陽光剛爬上城市廢墟的斷牆,碎玻璃映出一道道光帶。
周佳威靠在半塌的了望塔邊,手指無意識摩挲著空間戒指。
他沒動,也沒說話,隻是看著遠處三個忙碌的身影。
蘇婉蹲在臨時安置點前,掌心浮起一層薄薄水光。
一個小男孩蜷在毯子裡,胳膊上纏著燒傷紗布。
她輕輕一拂,水膜滑過傷口,泛起微弱藍暈。
孩子眉頭鬆開,嘴裡哼了句兒歌,她也跟著輕聲哼起來。
“疼不疼?”她問。
“不疼了。”男孩揉著眼睛,“阿姨你像幼兒園老師。”
“我本來就是。”她笑。
林薇站在危樓邊緣,雙手一抬,淡黃色光盾撐開三米高。
風卷著灰撲在結界上,發出啪啪響。
幾個居民抱著被褥從裡麵跑出來,回頭看她一眼,趕緊點頭致謝。
她沒回應,隻把結界又往前推了半步。
站了一夜,腿有點麻,但她沒換姿勢。直到聽見身後腳步聲,回頭看見夏晴端著保溫杯走來。
“喝點熱的。”夏晴遞過去,“再拍兩張收尾照。”
“彆拍我。”林薇皺眉。
“早拍完了。”她眨眼,“三小時連續守結界,群眾提名‘最硬姐’。”
“誰提名的?”
“我。”
兩人笑了一下。不遠處,蘇婉已經起身,正教幾位主婦用指尖凝水淨化食材。
一點水珠浮在空中,像被無形線吊著。
“就這樣,輕輕一抖。”她說。
主婦試了下,水珠炸開,濺了旁邊人一臉。
“哎喲!”
“對不起對不起!”
“沒事,挺好玩的。”
笑聲傳開。夏晴舉起相機,風係魔力一托,鏡頭自動懸空,連拍十張。
她改了參數,把照片實時投影到一麵殘牆上——風托瓦礫、水清淤泥、光盾護屋,畫麵滾動播放。

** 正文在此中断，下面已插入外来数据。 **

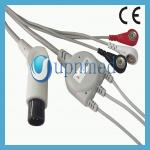 patient monitor 3 lead ECG Cable with leadwires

底下立了塊手寫板:她們不是來拯救的,是來一起生活的。
人群越聚越多。有人開始小聲議論。
“這三位……是不是跟周先生一家有關?”
“肯定是!你看那風係手法,跟他一模一樣。”
“可他們沒出手啊,這幾天都是她們在乾。”
“噓,彆提他名字,人家不想出風頭。”
一位老奶奶拉著蘇婉的手不放:“姑娘,你不像什麼高手,倒像是菩薩下凡。”
“我不是高手。”蘇婉搖頭,“就是個會點小魔法的鄰居。”
“那你也是最暖的那個。”
這話被旁邊人聽見,傳開了。
第二天清晨,林薇還在打坐,結界未撤。
居民發現她時,她睫毛上結了霜。
有人默默送來熱粥,放在她腳邊。碗底壓了張紙條:守夜女神,辛苦了。
第三天,夏晴的照片展開了。孩子們圍在牆前看動態影像。
一個紙飛機被微風吹起,繞圈飛行。
“我也能學嗎?”小男孩舉手。
“當然。”她招手,“來,把手攤開。”
風輕輕托起他的手掌。
“感覺到了嗎?”
“嗯!癢癢的!”
他試著控製,紙飛機歪歪扭扭飛出去,撞牆落地。他不氣餒,撿起來再試。
蘇婉走過來,蹲下幫他折角。
“角度要斜一點。”
“哦!這樣?”
“對,再來。”
風再次揚起。這次飛得遠了些。
“飛啦!”他跳起來,“我會魔法了!”
掌聲響起。不隻是為他,也為這一刻——魔法不再是傳說,是能摸到的東西。
地球民眾代表站在外圍,原本拿著記錄板,準備評估“超能力者社會影響”。
現在筆停了,板子低下了。
“我們原以為……這是特權。”其中一人低聲說。
“可她們在教。”另一人接話,“免費教。”
“還自己掏材料印手冊。”
“《地球人魔法入門》……聽說是周先生早年寫的。”
“他沒署名。”
“但她們在用。”
他們不再記錄,而是走進人群,接過蘇婉發的小冊子。
封麵沒有炫酷圖案,隻有一行字:從呼吸開始,人人可學。